To the Editor:
For some time now, Illinois Gov. Pat Quinn has been pondering whether to sign the bill making Illinois the 19th state to legalize marijuana for relief of chronic pain.
If politics weren’t a factor – Quinn is up for re-election next year – the bill would already be law, and thousands of chronically pained Illinoisans would step out from the shadows of illegal marijuana use to relieve their pain legally. However, Quinn, like he did with his March 9, 2011, signing of the Illinois death penalty ban, doesn’t want to appear too eager to legalize a federally banned substance and rile up conservatives who deem it a “gateway” drug to depravity and destruction of the Illinois nuclear family.

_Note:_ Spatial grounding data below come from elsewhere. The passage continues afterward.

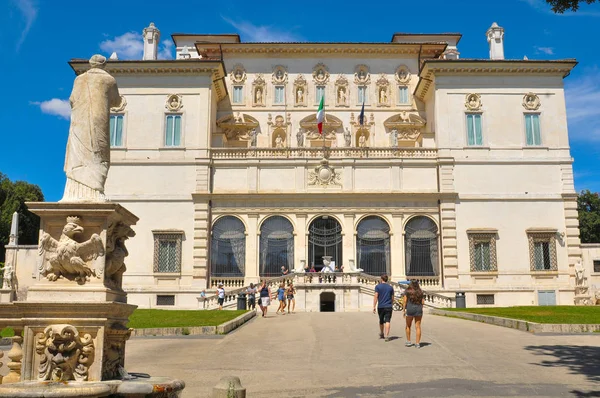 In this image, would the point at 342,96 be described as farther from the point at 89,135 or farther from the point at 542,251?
the point at 89,135

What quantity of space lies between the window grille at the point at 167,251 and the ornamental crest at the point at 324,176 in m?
9.24

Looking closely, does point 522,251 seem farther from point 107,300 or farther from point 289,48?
point 107,300

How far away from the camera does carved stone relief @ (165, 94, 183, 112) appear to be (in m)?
40.8

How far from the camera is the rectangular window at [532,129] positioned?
130ft

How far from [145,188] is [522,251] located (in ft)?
79.9

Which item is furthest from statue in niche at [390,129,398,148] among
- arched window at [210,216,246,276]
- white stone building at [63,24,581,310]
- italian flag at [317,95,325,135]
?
arched window at [210,216,246,276]

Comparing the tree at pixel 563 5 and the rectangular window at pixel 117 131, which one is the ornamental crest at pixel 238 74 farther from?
the tree at pixel 563 5

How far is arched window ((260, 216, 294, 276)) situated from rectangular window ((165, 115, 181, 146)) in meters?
8.21

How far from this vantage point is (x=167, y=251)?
126 feet

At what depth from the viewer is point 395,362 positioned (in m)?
13.5

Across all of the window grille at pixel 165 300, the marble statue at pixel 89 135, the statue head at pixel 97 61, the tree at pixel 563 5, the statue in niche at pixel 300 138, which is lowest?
the window grille at pixel 165 300

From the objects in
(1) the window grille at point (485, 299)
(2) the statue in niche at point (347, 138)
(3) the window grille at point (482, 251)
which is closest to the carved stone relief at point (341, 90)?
(2) the statue in niche at point (347, 138)

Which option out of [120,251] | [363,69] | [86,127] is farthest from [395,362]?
[363,69]

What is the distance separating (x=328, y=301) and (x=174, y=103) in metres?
17.0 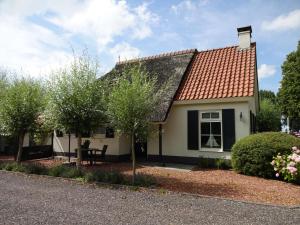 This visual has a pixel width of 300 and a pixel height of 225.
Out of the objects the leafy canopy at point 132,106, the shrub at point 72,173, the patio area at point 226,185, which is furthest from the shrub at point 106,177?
the leafy canopy at point 132,106

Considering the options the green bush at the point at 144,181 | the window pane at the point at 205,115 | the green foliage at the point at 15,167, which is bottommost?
the green bush at the point at 144,181

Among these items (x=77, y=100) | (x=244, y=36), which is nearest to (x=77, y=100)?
(x=77, y=100)

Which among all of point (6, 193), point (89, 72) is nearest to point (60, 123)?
point (89, 72)

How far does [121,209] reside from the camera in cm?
684

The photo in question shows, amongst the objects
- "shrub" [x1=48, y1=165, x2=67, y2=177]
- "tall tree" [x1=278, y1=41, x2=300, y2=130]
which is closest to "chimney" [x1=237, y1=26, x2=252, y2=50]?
"shrub" [x1=48, y1=165, x2=67, y2=177]

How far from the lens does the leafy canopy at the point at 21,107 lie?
12828 millimetres

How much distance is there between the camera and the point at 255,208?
6.99 m

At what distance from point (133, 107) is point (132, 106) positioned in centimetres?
5

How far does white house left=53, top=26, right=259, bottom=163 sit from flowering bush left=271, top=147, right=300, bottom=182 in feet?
9.72

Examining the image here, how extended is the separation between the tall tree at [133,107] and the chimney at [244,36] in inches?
362

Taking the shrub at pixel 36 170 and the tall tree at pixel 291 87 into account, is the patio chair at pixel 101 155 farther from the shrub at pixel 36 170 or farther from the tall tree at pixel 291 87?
the tall tree at pixel 291 87

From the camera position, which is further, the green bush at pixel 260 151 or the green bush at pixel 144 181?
the green bush at pixel 260 151

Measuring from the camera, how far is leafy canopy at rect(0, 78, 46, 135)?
12828mm

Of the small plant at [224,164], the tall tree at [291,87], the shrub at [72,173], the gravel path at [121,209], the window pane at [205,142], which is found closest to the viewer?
the gravel path at [121,209] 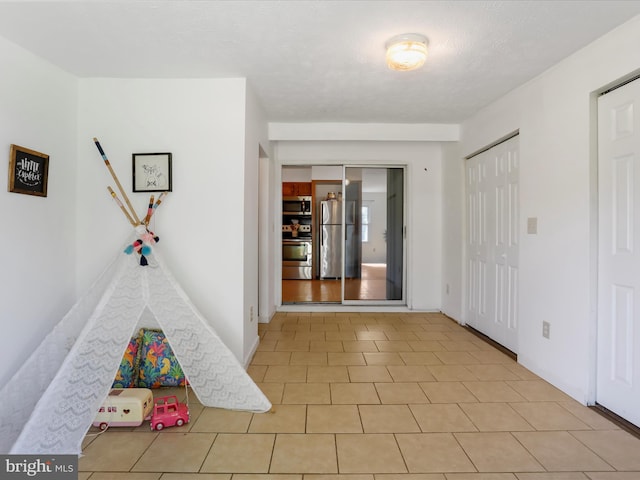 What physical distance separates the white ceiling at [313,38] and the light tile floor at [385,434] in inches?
89.5

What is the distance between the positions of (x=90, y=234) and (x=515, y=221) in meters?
3.51

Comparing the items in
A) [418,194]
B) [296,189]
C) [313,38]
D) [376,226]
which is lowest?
[376,226]

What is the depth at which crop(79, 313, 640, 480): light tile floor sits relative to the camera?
5.41ft

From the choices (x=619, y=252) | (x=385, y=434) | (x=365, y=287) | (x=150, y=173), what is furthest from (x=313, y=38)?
(x=365, y=287)

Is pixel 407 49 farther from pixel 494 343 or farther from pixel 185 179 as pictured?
pixel 494 343

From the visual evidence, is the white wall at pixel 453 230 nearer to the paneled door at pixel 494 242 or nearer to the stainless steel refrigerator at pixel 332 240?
the paneled door at pixel 494 242

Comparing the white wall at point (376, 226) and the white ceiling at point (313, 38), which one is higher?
the white ceiling at point (313, 38)

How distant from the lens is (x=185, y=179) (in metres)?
2.72

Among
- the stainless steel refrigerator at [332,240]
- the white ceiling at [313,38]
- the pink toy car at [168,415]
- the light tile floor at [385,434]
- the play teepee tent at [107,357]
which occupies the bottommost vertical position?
the light tile floor at [385,434]

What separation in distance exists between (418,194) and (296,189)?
3.33 meters

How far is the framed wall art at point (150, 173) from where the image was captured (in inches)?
106

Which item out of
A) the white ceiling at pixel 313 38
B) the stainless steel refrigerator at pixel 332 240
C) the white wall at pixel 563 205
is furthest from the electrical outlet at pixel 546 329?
the stainless steel refrigerator at pixel 332 240

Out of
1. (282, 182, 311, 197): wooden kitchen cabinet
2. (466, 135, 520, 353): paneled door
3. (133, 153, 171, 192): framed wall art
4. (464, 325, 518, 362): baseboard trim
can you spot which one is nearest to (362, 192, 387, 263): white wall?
(466, 135, 520, 353): paneled door

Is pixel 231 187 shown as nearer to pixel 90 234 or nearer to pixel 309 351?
pixel 90 234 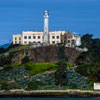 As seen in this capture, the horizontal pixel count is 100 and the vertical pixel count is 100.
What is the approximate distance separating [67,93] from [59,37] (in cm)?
4645

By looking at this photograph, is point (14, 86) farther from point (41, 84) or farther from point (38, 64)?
point (38, 64)

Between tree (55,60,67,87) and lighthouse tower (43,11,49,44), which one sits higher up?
lighthouse tower (43,11,49,44)

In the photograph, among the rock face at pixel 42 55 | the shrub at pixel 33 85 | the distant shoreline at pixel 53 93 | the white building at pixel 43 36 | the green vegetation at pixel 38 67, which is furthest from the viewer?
the white building at pixel 43 36

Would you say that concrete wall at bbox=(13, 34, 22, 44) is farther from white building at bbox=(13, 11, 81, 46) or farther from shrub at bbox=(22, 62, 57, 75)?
shrub at bbox=(22, 62, 57, 75)

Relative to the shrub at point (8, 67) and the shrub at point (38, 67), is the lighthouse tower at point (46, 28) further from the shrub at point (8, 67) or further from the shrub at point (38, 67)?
the shrub at point (8, 67)

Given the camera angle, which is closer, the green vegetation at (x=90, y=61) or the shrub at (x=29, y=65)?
the green vegetation at (x=90, y=61)

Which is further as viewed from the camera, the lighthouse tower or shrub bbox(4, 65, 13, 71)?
the lighthouse tower

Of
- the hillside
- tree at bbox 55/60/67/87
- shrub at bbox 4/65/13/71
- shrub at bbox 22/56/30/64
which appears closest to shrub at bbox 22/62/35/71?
shrub at bbox 4/65/13/71

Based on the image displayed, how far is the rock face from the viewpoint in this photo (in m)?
128

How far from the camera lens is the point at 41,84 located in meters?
104

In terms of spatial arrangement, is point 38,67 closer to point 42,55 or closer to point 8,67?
point 8,67

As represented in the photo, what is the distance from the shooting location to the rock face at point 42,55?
127688 mm

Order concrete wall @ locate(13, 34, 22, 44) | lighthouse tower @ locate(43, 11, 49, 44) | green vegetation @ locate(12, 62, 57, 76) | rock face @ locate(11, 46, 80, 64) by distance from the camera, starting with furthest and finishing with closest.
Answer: concrete wall @ locate(13, 34, 22, 44), lighthouse tower @ locate(43, 11, 49, 44), rock face @ locate(11, 46, 80, 64), green vegetation @ locate(12, 62, 57, 76)

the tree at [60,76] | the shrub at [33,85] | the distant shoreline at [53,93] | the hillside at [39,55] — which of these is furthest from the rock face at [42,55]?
the distant shoreline at [53,93] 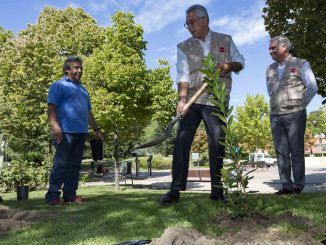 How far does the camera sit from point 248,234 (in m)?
2.60

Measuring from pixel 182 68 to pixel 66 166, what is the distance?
215 centimetres

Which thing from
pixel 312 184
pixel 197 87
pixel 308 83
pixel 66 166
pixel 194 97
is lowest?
pixel 312 184

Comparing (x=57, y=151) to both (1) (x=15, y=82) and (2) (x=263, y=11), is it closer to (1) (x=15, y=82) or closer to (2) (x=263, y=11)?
(2) (x=263, y=11)

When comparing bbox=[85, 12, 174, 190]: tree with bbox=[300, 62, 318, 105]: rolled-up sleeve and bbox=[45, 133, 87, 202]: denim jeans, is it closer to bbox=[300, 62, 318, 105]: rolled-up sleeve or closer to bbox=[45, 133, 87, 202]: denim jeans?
bbox=[45, 133, 87, 202]: denim jeans

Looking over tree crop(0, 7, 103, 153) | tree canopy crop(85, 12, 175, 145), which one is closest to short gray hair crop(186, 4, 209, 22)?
tree canopy crop(85, 12, 175, 145)

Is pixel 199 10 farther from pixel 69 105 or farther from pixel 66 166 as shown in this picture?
pixel 66 166

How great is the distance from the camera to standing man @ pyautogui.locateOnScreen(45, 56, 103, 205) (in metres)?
5.23

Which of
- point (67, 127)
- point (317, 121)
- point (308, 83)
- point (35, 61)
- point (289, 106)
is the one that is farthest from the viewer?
point (317, 121)

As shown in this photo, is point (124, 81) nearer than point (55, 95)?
No

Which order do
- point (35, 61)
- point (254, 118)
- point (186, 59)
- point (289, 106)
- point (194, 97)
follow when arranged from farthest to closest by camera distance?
point (254, 118) < point (35, 61) < point (289, 106) < point (186, 59) < point (194, 97)

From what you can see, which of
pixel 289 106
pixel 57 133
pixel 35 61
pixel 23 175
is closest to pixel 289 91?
pixel 289 106

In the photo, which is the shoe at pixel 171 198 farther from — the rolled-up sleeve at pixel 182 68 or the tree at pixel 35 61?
the tree at pixel 35 61

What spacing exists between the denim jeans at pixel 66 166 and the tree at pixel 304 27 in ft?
25.7

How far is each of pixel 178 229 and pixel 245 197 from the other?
1127 millimetres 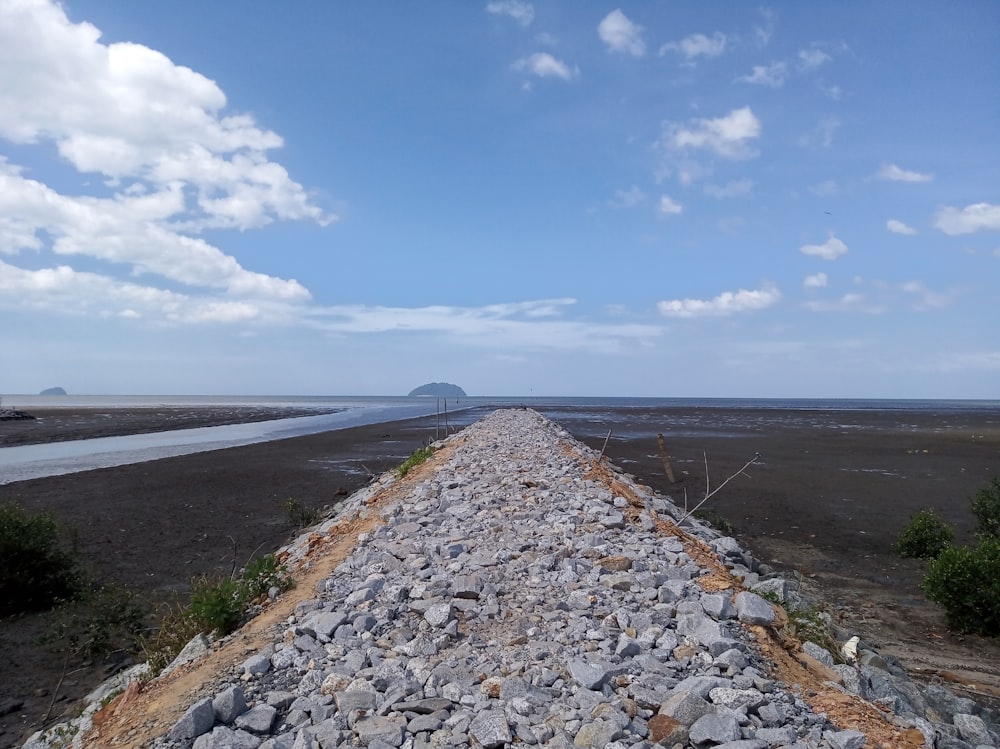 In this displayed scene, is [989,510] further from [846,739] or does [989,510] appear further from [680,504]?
[846,739]

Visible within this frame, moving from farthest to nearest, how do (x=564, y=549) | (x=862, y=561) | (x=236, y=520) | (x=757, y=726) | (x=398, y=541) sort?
(x=236, y=520) < (x=862, y=561) < (x=398, y=541) < (x=564, y=549) < (x=757, y=726)

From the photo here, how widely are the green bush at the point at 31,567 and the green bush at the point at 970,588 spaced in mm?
12413

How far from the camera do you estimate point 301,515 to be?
51.1 feet

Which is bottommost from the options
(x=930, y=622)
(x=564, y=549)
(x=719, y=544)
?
(x=930, y=622)

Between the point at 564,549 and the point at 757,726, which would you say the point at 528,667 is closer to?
the point at 757,726

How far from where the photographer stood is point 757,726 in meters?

Bunk. More people become addicted to – and even die from – abuse of prescription drugs, such as the highly addictive pain drug Oxycontin, in a week than have ever been harmed by marijuana. These legal prescription drugs are loaded with horrible side effects that take up half of the million-dollar commercials hawking them. They drain the finances of the chronically and terminally ill, while they degrade their health, all to make greedy rich men and women masquerading as the Titans of Big Pharma greedier and richer.
Arguments that medical marijuana will cause these folks to graduate to cocaine or heroin would be hilarious if they weren’t so counterproductive to providing better pain treatment to people in need.
One of the most ludicrous comments from opponents of the bill came from Sen. Jason Barickman, R-Bloomington, who claimed we must follow the federal government model for regulating marijuana, which amounts to a 76-year-long ban that has been an utter failure of a sensible drug policy. Millions of folks have clogged up our jails and had their lives ruined over this essentially victimless crime. What’s hilarious is that while Republicans lambast every vestige of federal governance that actually helps people, Barickman praises one of the more truly dysfunctional aspects of federal rule.
Come on, governor, whip out your passage pen, sign the bill and let the pain relief begin.